Au loin un voisin dont on oublie le nom la plus grande part du temps fume. Des cigarettes à l’odeur âcre, pas le moins du monde sucrées, qui sentent l’incendie d’usine de pneus… Pendant que nous mettons le feu au matelas, question que n’existe plus ce sanctuaire issu d’une autre esquisse de vie. Véhémence, le regard planté comme un couteau qui transperce la tête, les tempes humides, la haine qui rigole dans le dos de tout le monde, mêlée de sueur, les ongles qui s’enfoncent lentement dans les bras jusqu’à blesser la chair, le derme saignant à en donner des arguments en faveur du végétarisme, et cette incroyable variété de vide spontané qui se crée au cœur de l’humain. Des dents serrées qui empêchent les idées de seulement se former, des traits crispés qui originent peut-être de l’absorption de la chair par la chair, et cette chaleur englobante qui n’a probablement d’égal que le feu qui nous consume, et la glace dans l’évier, qui continue de s’écouler; résurgence d’une fête canaille à laquelle, comme toujours, nous nous sommes refusés.

Sur le croquis original, il y avait des fleurs, montées en arrangements joliment exécutés, sur toutes les tables.
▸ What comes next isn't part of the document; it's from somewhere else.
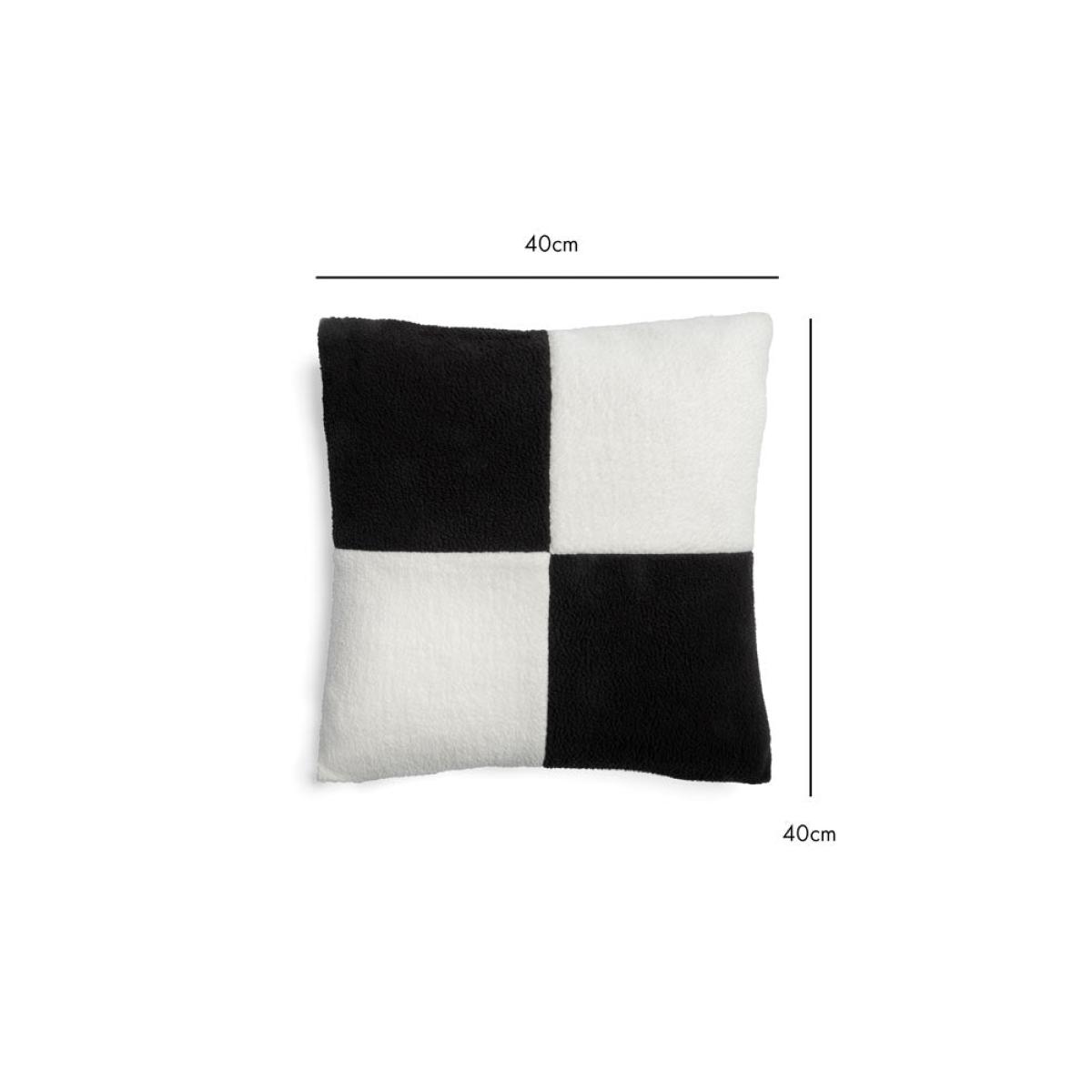 Black & White Checkered Square Cushion – image 7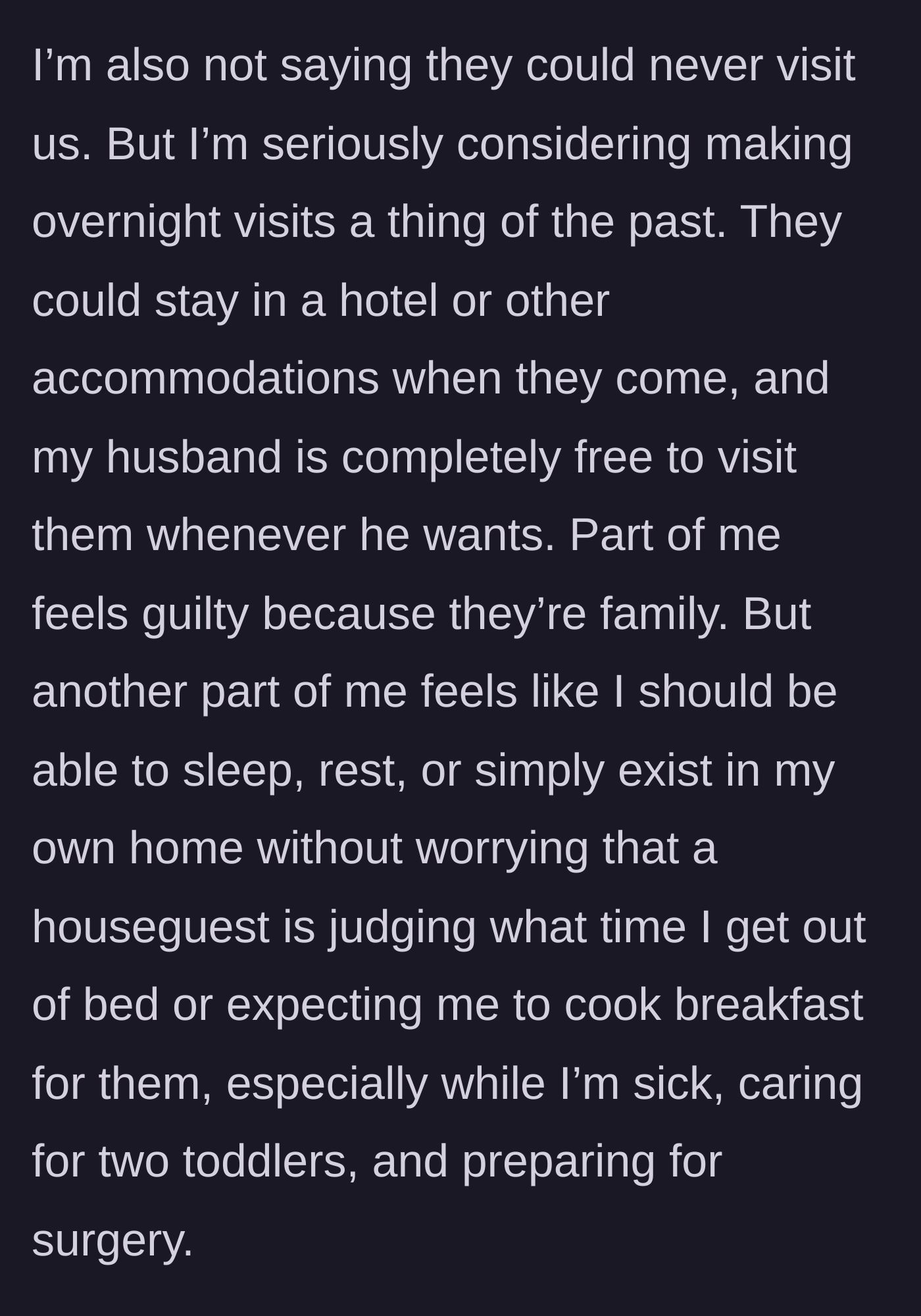 Story part 5 - The mother contemplates a new rule where in-laws must stay in hotels for future visits, grappling with guilt versus her need for peace.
Mais la petitesse du logis nous a forcé à n’en disposer qu’une dans la pièce, au centre de trois chaises disparates — une pour chacun de nous et l’autre pour asseoir le ressentiment. Le jardin se révélant démuni comme nous, un seul bouquet n’a jamais orné le billot où nous nous tranchons quotidiennement la tête, qu’on a laissé, fané, trôner en maître des lieux. Pour sujets, quelques fruits brunis par la sécheresse. Longue vie à notre amour-roi.

Tu me cracherais au visage, en lieu et place des larmes qui ne me viennent pas. Je porterai longtemps sur mes avant-bras les stigmates de ton incursion dans mon corps, dont les autres plaies auront trop bien cicatrisé. Les soirs orageux, chaque éclair me rappellera la seule gifle qu’on m’ait jamais infligée. Faut-il donc tant de mépris pour nous aimer juste un peu? Je n’ai pas idée encore qu’il s’agisse peut-être précisément de ma plus grande méprise, celle-là même dont je serai des années durant nostalgique, parce que la douleur nous excite comme une mare de sang un carnassier.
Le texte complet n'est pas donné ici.